When did you start singing?
I’ve pretty much always sung. Even the preschool I went to, the woman who ran that had a guitar and I always really loved it when she would play guitar … She used to play old Beatles songs and stuff. So I’ve always sung and I used to sing in the car with my family, like old Blues Brothers songs. So it’s always been something that I’ve done and enjoyed.
Listening to you sing, I could swear you have perfect pitch – do you know if you do?
Well, I’m not very musical in the sense of knowing what notes are what. I haven’t got much musical training at all – I can’t read music on a staff or anything. And if someone told me to sing a certain note I couldn’t do it. I’m not too bad at just hitting the notes that I want to hit. But lately I’ve been writing some stuff up in the high registers and finding it a bit more challenging, maybe because I’m getting a bit older … I have to be a bit more careful about not drinking and smoking beforehand ... I do have a few things that I do before I sing – I very rarely eat before I sing. But that’s more because I’m nervous and I just don’t feel like eating.
Do you do a lot of three-set gigs?
I very rarely have done three-set gigs – more one set – and I do believe in the kind of less-is-more approach to performance. I usually like to do fairly short sets and not give people time to get bored.
Given that you started singing quite young, is your voice your preferred instrument, as opposed to a guitar?
Yeah, I think that’s fair to say. The guitar is just a medium for finding melodies and for accompanying singing. Because I’m not that handy on the guitar, and I picked up the guitar much later, when I was about sixteen. So I just play the guitar to give myself something to sing to, I guess.
So when you’re writing songs, do you tend to sing them out first to compose, or do you use the guitar to compose?
I use the guitar to compose. Usually I’ll find a couple of little progressions or melody lines. Lately if I’m just noodling on the guitar I’ll record little sections on my phone or something, just so I don’t forget ideas. And then I’ll also work through a little bit further into a whole progression into a song without any lyrics. And then I’ll sing ad libbing and record big, huge, long versions of the song – like, fifteen- or twenty-minute long versions – and then I go back and find little fragments that are good or that could be fleshed out, and then cut it right back down to something about normal length – three to five minutes.
On The Swedish Tapes some of the songs are a bit more epic sounding, like ‘Where the Catholics Ruled’, and those songs could sound like the fragment of an epic track.

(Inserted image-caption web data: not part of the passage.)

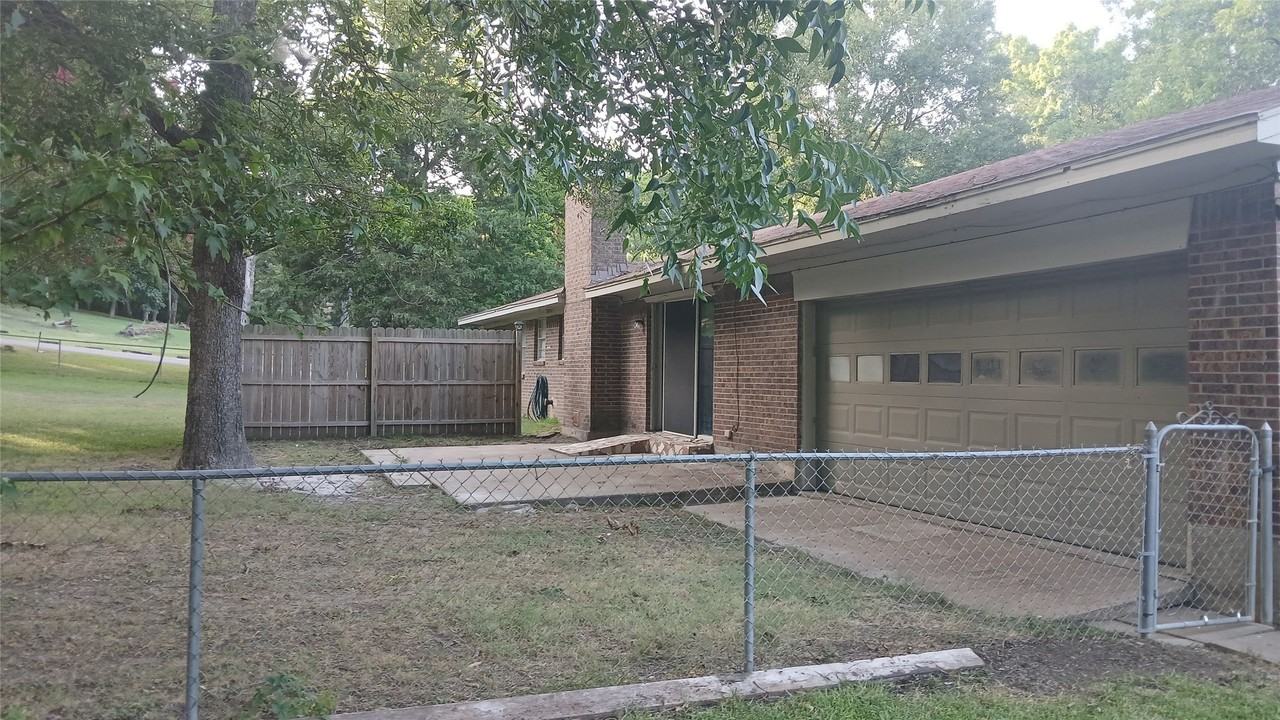 8530 Choctaw Dr - Photo 3 of 17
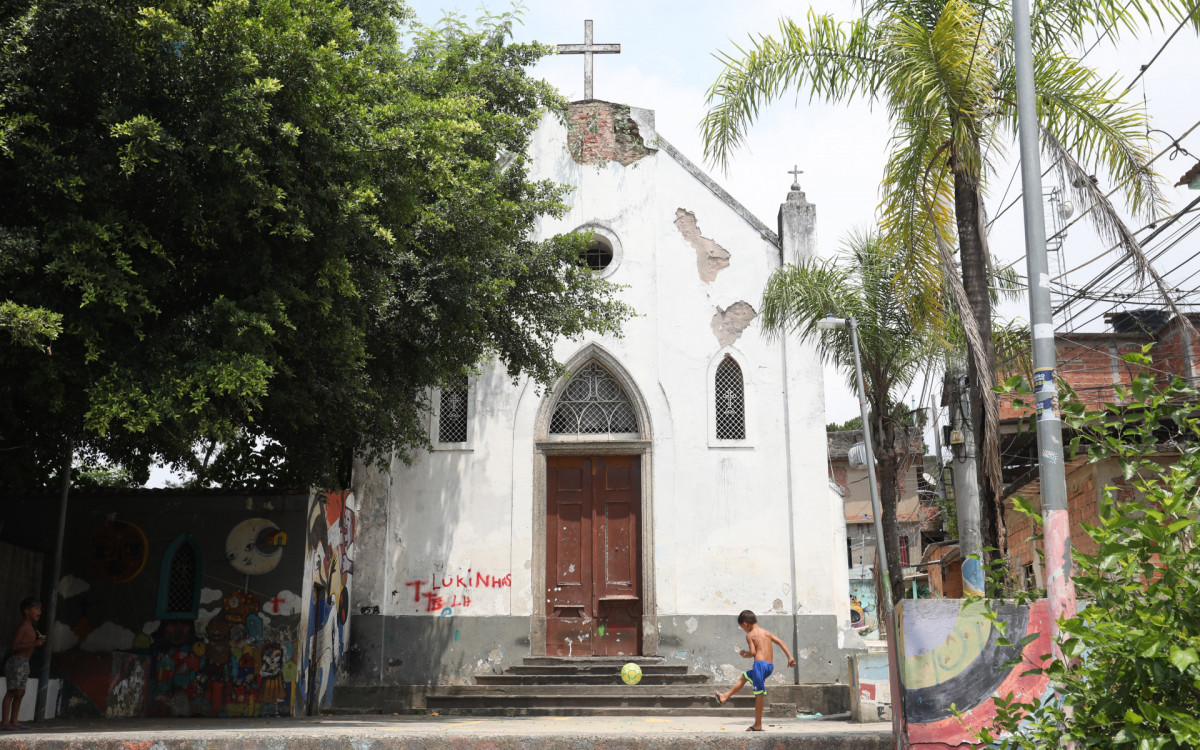 PAUTA ESPECIAL - O guia tur&iacute;stico Cosme, morador e guia no morro da Provid&ecirc;ncia faz passeios tur&iacute;sticos pelo morro atrav&eacute;s do Rol&eacute; dos Favelados. na foto, Igreja Nossa Senhora da Penha.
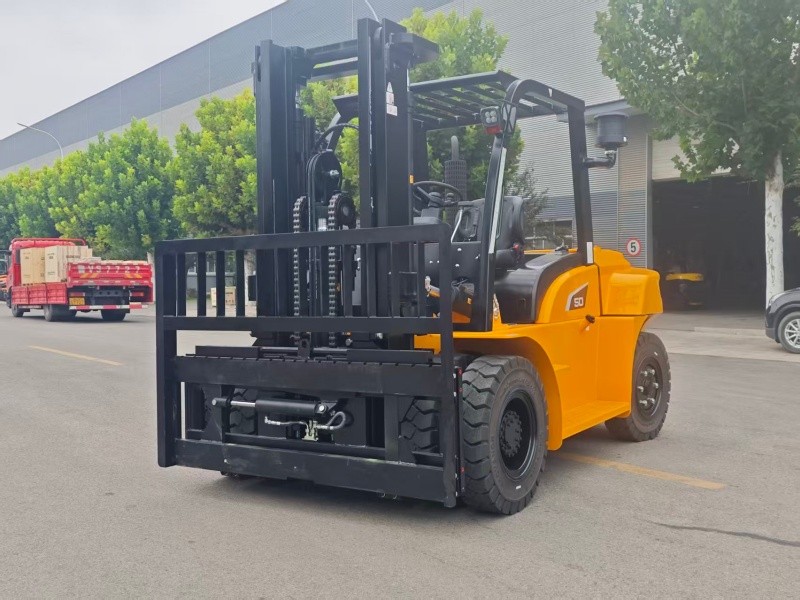CPCD60 Forklift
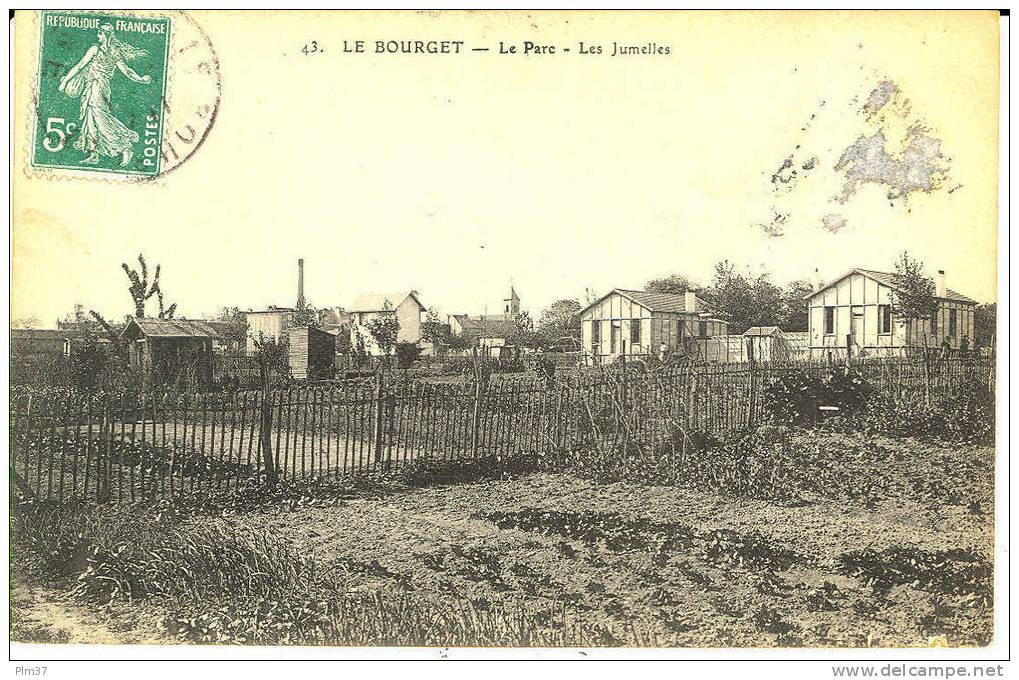 LE BOURGET - Le Parc - Les Jumelles - Le Bourget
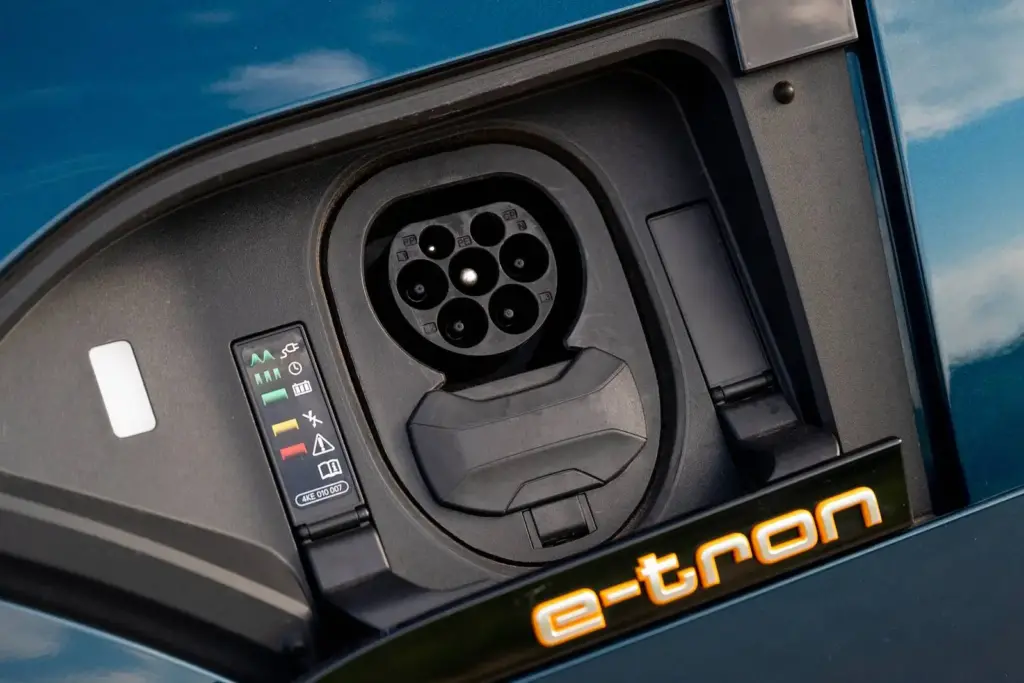 2023 Audi Q8 e-tron Review, Pricing and Specs 6 autvex com 312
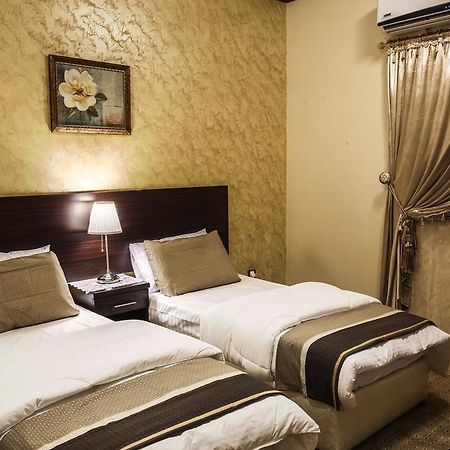 Manazel Al Sofara Aparthotel Yanbu Exteriör bild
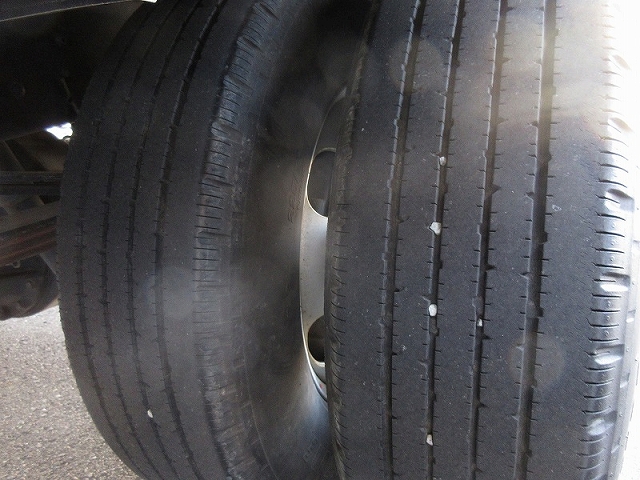 いすゞエルフ幌ウイング小型（2t・3t）[写真24]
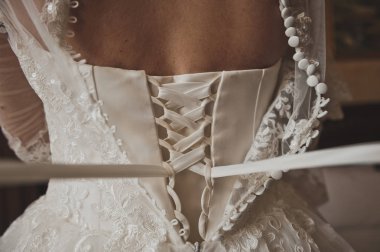 Düğün nedime bağlama işlemi 540 Giydir.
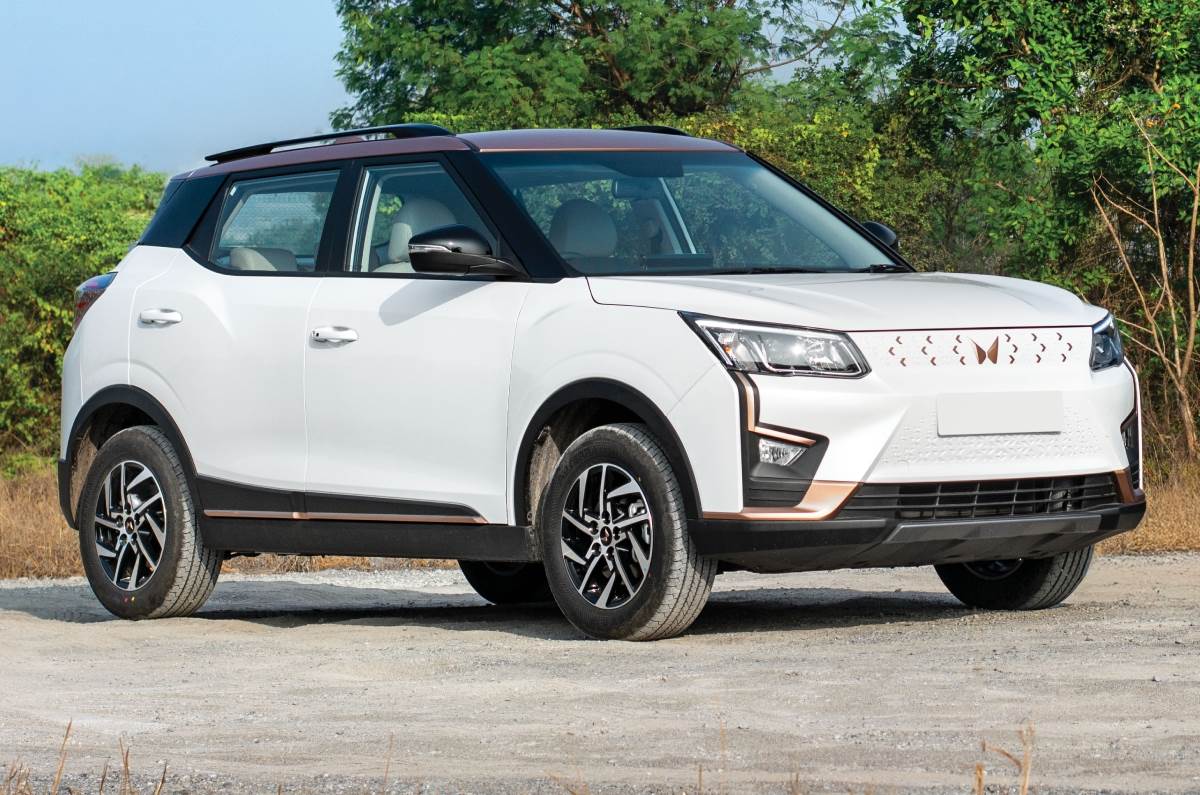 2025 Mahindra XUV400 discounts 2025 Mahindra XUV400 discounts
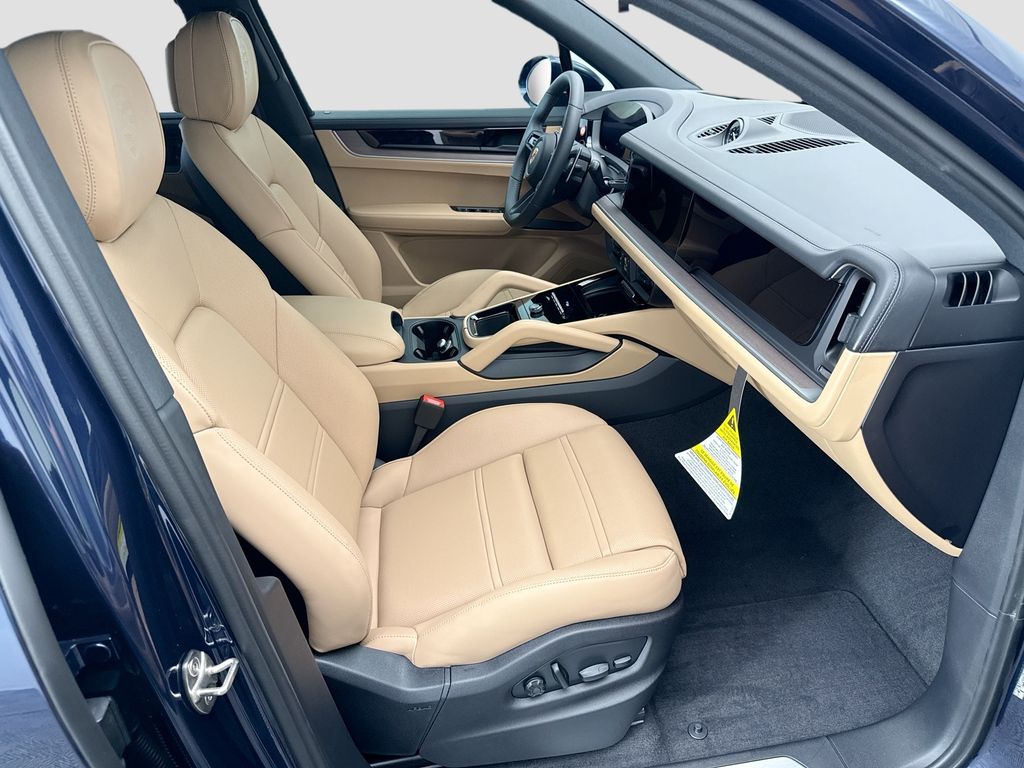 Thumbnail: 2026 Porsche Cayenne - 21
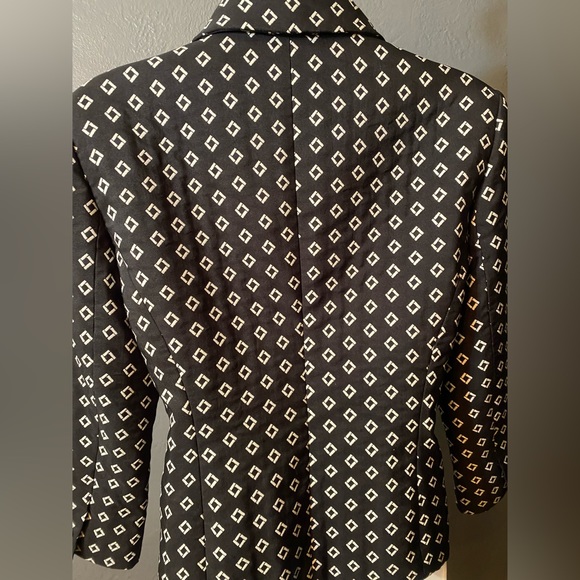 VINCE CAMUTO Black and White Diamond Print Blazer - Picture 9 of 16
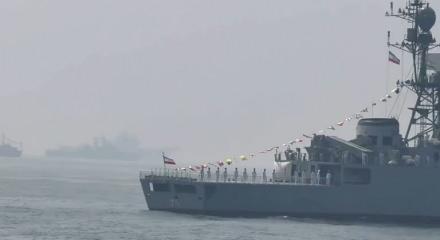 İran ait savaş gemisi "IRIS Dena" vuruldu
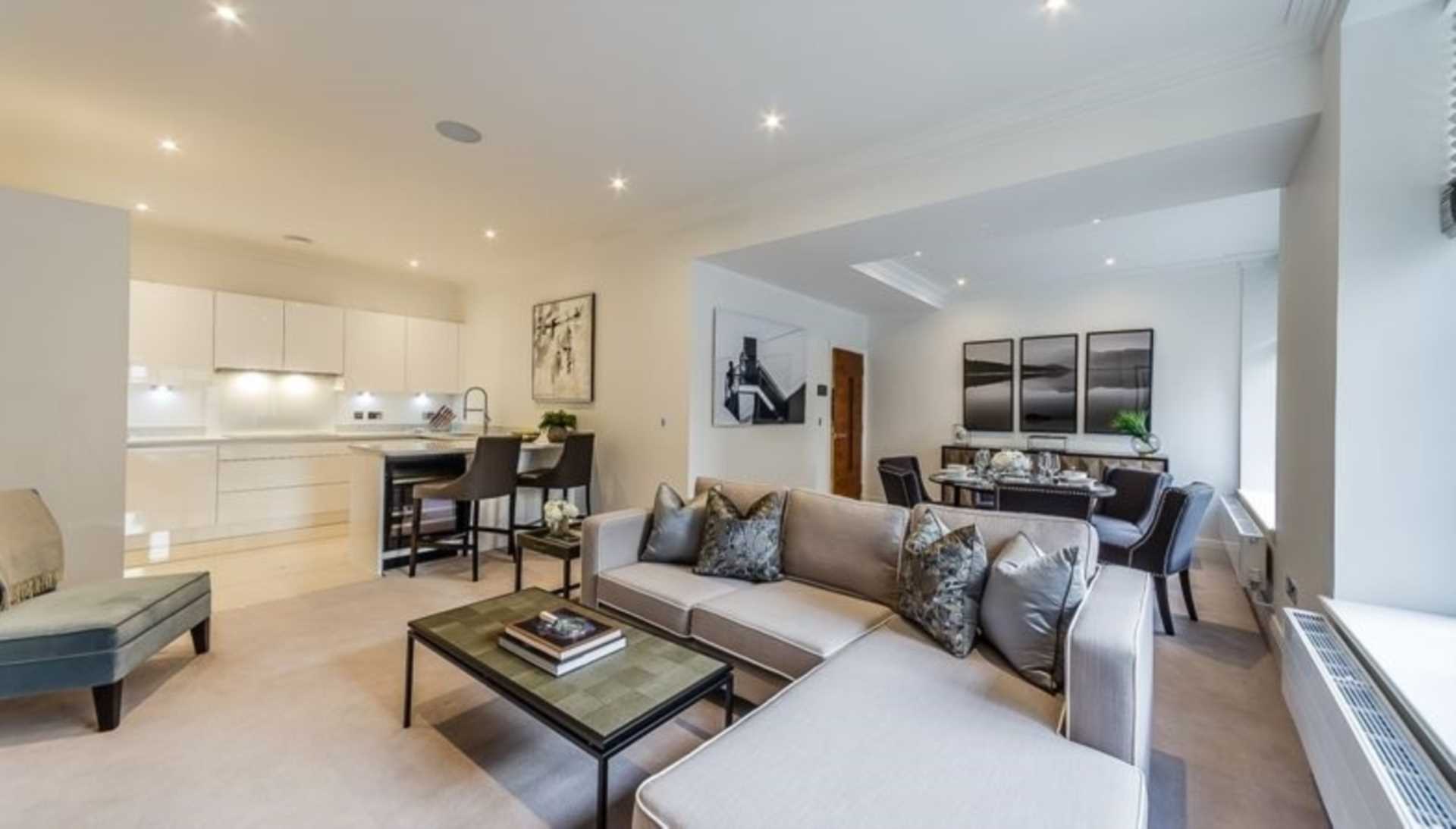 Flat Palace Mews in London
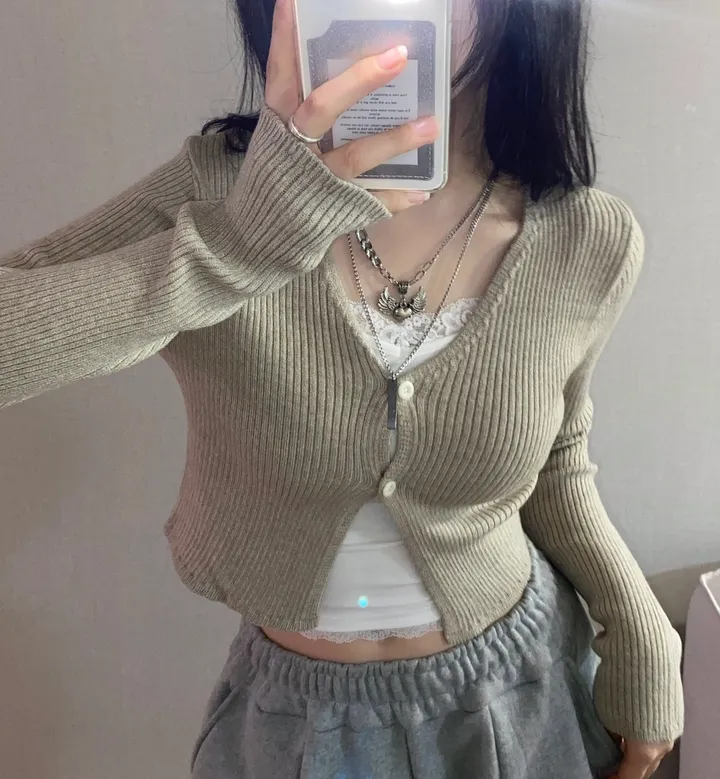 [봄신상🌷/색감보장/부드러워요☁]블라썸 브이넥 투버튼 골지 크롭 가디건 상세 이미지 22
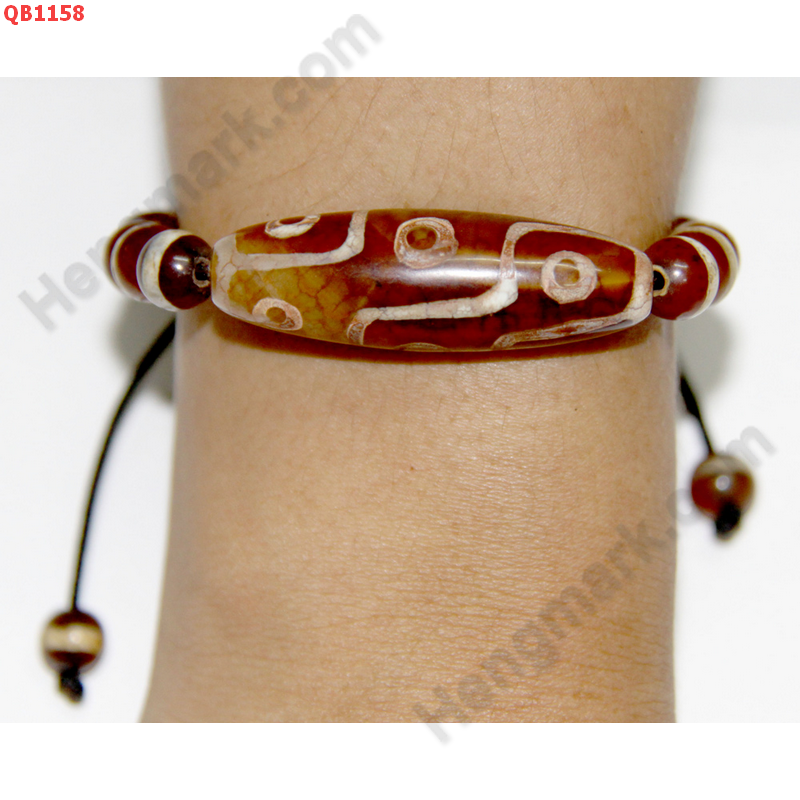 QB1158 สร้อยข้อมือหิน DZI ลาย 9 ตา+หมอยา ราคา 599 บาท http://ww2.hengmark.com/view_product/QB1158.htm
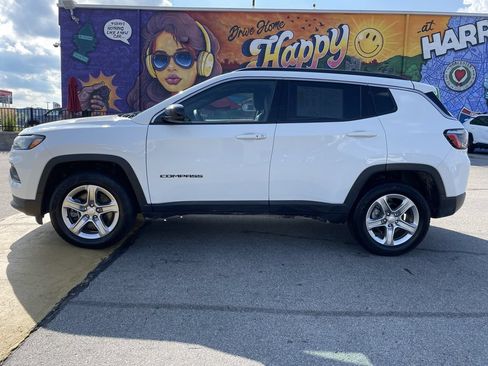 Used 2024 Jeep Compass Latitude AWD/4WD image 2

I definitely have made a bit of a conscious move in a new direction, in the way that I’m writing at the moment and the people who I’m collaborating with, which is exciting. My first record [For Bread & Circuses], I didn’t really go into it thinking, ‘I want to make a record that sounds like this’. I just had these songs and the only thing I knew how to do was to play like that and to collaborate with people who played the other instruments on my first record, which ended up being fairly folk/countryish, and I’m really proud of that piece of work and I really enjoyed making it. But with this one [to be recorded soon] I have had more of a thought about what I’d like to be doing and some different influences and it’s exciting to be pushing out into a new direction and working with some different people and I’m looking forward to re-recording those tracks, because those [The Swedish Tapes] were the demos that were done really roughly in my apartments in Stockholm and Berlin.
You say that they’re rough, but they don’t sound rough – they sound like fantastic tracks.
Thank you. I guess from my point of view most of them were recorded with one crappy mike and it’s not even a vocal mike, somebody had a T-shirt over it. And also some of the drums are not live drums, they’re programmed drums. So it’s just meant to be a platform to explore an idea and get a sense of what the song could be, and then it’ll be really nice to record it live with the whole band playing together and feeding off each other and stuff.
In terms of changing genre - for lack of a better term – it can sometimes be tricky if you have an audience for one kind of music and then you move in a different direction. But you’re an independent artist - you’ve put out everything yourself, and you don’t have a record company telling you what to do - so I guess that gives you the freedom to change.
Yeah, I do have complete freedom to do what I like, which is awesome. And I’m aware that there will be an element that the people who have previously enjoyed my records might not enjoy this one as much, but I don’t really mind about that. They can continue listening to the old records. It’s obvious, I guess, that I just want to make music that excites me and that I feel really good about and that I’m excited to play and perform and things like that. So I’m feeling good about the new record.